LogoMasst Docs

Eventual Consistency

Understanding eventual consistency in distributed systems and when to use it.

What is Eventual Consistency?

Eventual Consistency is a consistency model where, given enough time without new updates, all replicas will converge to the same value. It's the most common consistency model in large-scale distributed systems.


The Promise

"If no new updates are made to a given data item, eventually all accesses to that item will return the last updated value."

This means:

  • Updates propagate asynchronously
  • Temporary inconsistencies are allowed
  • System will eventually become consistent

How It Works

Time ──────────────────────────────────────────────►

           Write X=1
Client ────────┼─────────────────────────────────────


Server A    [X=1]──────────────────────────────────

               └──── propagate ────►

Server B    [X=0]────────────────[X=1]─────────────
               │                    │
               └──── propagate ──────────►

Server C    [X=0]──────────────────────[X=1]───────

            ◄── Inconsistent window ──►  ◄── Consistent ──►

Key Properties

PropertyDescription
ConvergenceAll replicas eventually have the same data
AvailabilitySystem always responds to requests
Partition toleranceWorks during network partitions
No orderingUpdates may arrive out of order

Consistency Window

The consistency window is the time between a write and when all replicas reflect it.

Factors affecting the window:

  • Network latency between replicas
  • Replication strategy (sync vs async)
  • System load
  • Geographic distribution

Typical windows:

  • Same datacenter: milliseconds
  • Cross-region: seconds to minutes

Conflict Resolution

When replicas receive updates in different orders, conflicts occur.

Last-Write-Wins (LWW)

Use timestamps to determine the "winner":

Server A receives: X=1 at T1, X=2 at T3
Server B receives: X=2 at T3, X=1 at T1

Final value on both: X=2 (T3 > T1)

Problem: Clock synchronization issues can cause data loss

Version Vectors

Track causality to detect conflicts:

Server A: X=1 with vector [A:1, B:0]
Server B: X=2 with vector [A:0, B:1]

These are concurrent updates (neither happened before the other)
Conflict detected → application must resolve

CRDTs (Conflict-free Replicated Data Types)
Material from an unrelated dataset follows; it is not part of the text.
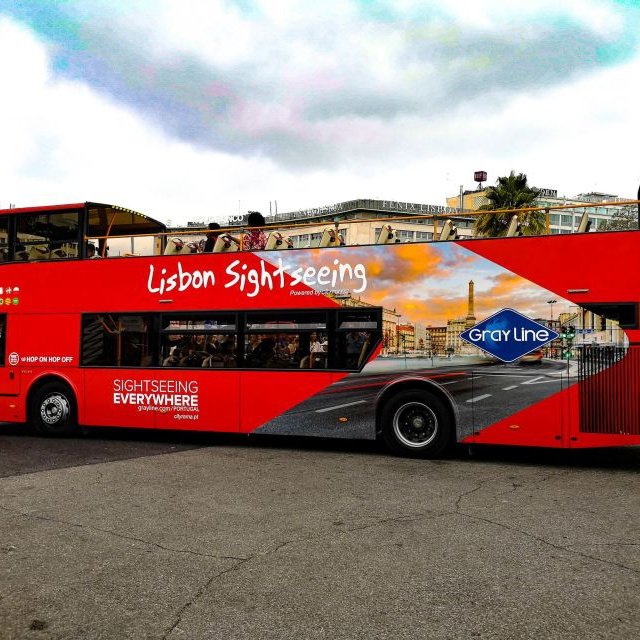 Lisboa: Circuito Turístico do Ônibus Hop-On Hop-Off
Data structures that automatically merge without conflicts:

  • G-Counter: Only increments, always mergeable
  • PN-Counter: Increments and decrements
  • G-Set: Grow-only set
  • OR-Set: Add and remove from sets
  • LWW-Register: Last-write-wins value

When to Use Eventual Consistency

Good Fit

Use CaseWhy
Social media feedsSlight delays acceptable
Shopping cartsAvailability > precision
User sessionsCan tolerate stale data briefly
AnalyticsAggregate trends matter more
DNSUpdates are infrequent

Poor Fit

Use CaseWhy
Bank balancesMust be accurate
Inventory countsOverselling is costly
Ticket bookingDouble-booking unacceptable
Security permissionsStale ACLs dangerous

Real-World Examples

Amazon DynamoDB

  • Default: eventually consistent reads
  • Optional: strongly consistent reads (2x latency, 2x cost)
  • Use case: Shopping cart persists across sessions

Apache Cassandra

  • Tunable consistency levels
  • QUORUM for stronger, ONE for faster
  • Use case: Time-series data, user activity

DNS

  • Classic eventual consistency example
  • TTL-based propagation
  • Updates take hours to propagate globally

Implementation Patterns

Read Repair

Fix inconsistencies during reads:

1. Read from multiple replicas
2. Compare values
3. If different, update stale replicas
4. Return most recent value

Anti-Entropy

Background process to synchronize replicas:

1. Periodically compare data between replicas
2. Use Merkle trees for efficient comparison
3. Sync only the differences

Hinted Handoff

Handle temporarily unavailable nodes:

1. Write intended for Node B
2. Node B is down
3. Store "hint" on Node A
4. When B recovers, A sends the hint

Trade-offs

AdvantageDisadvantage
High availabilityTemporary inconsistencies
Low latencyComplex conflict resolution
Partition tolerantHard to reason about
ScalableNot suitable for all use cases

Interview Tips

  • Explain the window: Consistency happens over time, not instantly
  • Discuss conflicts: How do you handle concurrent updates?
  • Know real systems: DynamoDB, Cassandra, DNS examples
  • Mention CRDTs: Show awareness of advanced techniques
  • Trade-offs: Availability and latency vs consistency

Summary

Eventual consistency is the backbone of large-scale distributed systems. It sacrifices immediate consistency for:

  • Higher availability: Always respond to users
  • Lower latency: Don't wait for all replicas
  • Better partition tolerance: Work through network issues

The key is understanding your application's tolerance for temporary inconsistency and implementing proper conflict resolution strategies.